Exploring Mahalanobis Distance For Outlier Detection

Introduction

Mahalanobis distance is a popular technique used to detect outliers in multivariate datasets. It measures the distance between a data point and a distribution, taking into account the correlations within the dataset. This property makes it well-suited for finding outlying data points in high-dimensional datasets where simple Euclidean distance can be misleading. In this blog, we will explain the concept of Mahalanobis distance and demonstrate its application in outlier detection using Python.

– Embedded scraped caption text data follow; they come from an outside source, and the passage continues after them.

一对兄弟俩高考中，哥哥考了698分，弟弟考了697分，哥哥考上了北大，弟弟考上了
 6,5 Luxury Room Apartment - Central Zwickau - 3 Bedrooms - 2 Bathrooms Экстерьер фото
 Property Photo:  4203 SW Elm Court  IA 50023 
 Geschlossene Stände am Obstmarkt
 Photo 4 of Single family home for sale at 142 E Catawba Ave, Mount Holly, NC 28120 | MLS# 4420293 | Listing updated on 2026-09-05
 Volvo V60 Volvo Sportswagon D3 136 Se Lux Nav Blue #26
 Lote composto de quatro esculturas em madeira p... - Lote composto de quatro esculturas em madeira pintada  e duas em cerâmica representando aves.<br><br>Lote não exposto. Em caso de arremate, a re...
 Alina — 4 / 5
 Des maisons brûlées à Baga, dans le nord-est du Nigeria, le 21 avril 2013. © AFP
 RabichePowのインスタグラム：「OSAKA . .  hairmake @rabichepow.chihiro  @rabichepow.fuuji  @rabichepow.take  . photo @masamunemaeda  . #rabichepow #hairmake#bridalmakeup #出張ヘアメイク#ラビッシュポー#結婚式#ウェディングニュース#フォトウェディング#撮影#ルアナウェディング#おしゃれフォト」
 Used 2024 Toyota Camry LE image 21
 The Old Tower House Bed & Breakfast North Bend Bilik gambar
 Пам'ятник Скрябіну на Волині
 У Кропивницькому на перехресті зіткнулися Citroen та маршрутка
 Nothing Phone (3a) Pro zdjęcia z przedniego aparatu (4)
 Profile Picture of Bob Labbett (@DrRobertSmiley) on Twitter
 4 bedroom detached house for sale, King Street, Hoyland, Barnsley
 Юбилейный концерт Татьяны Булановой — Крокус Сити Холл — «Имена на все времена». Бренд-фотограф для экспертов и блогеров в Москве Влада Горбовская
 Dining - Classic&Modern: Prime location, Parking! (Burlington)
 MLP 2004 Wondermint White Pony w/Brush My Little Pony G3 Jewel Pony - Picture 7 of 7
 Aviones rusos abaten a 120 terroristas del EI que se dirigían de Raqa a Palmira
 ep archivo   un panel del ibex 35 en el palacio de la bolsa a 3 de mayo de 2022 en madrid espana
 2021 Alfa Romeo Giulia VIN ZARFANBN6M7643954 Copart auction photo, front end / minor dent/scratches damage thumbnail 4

What is Mahalanobis Distance

Imagine you have a multivariate dataset with features that are correlated. Euclidean distance, the most commonly used distance metric, does not take into account the correlations between features. Mahalanobis distance, on the other hand, considers these correlations, providing more accurate measurements.

The formula for calculating Mahalanobis distance for a point X from a distribution with mean μ and covariance matrix Σ is:

D2 = (X - μ)Σ-1(X - μ)T

where T denotes the transpose operation.

Outlier Detection using Mahalanobis Distance

To demonstrate the utility of Mahalanobis distance in outlier detection, we'll use a sample dataset and the following algorithm:

Calculate the mean and covariance matrix of the dataset.
Compute Mahalanobis distance for each data point.
Determine a threshold for detecting outliers.
Flag data points with Mahalanobis distance greater than the threshold as outliers.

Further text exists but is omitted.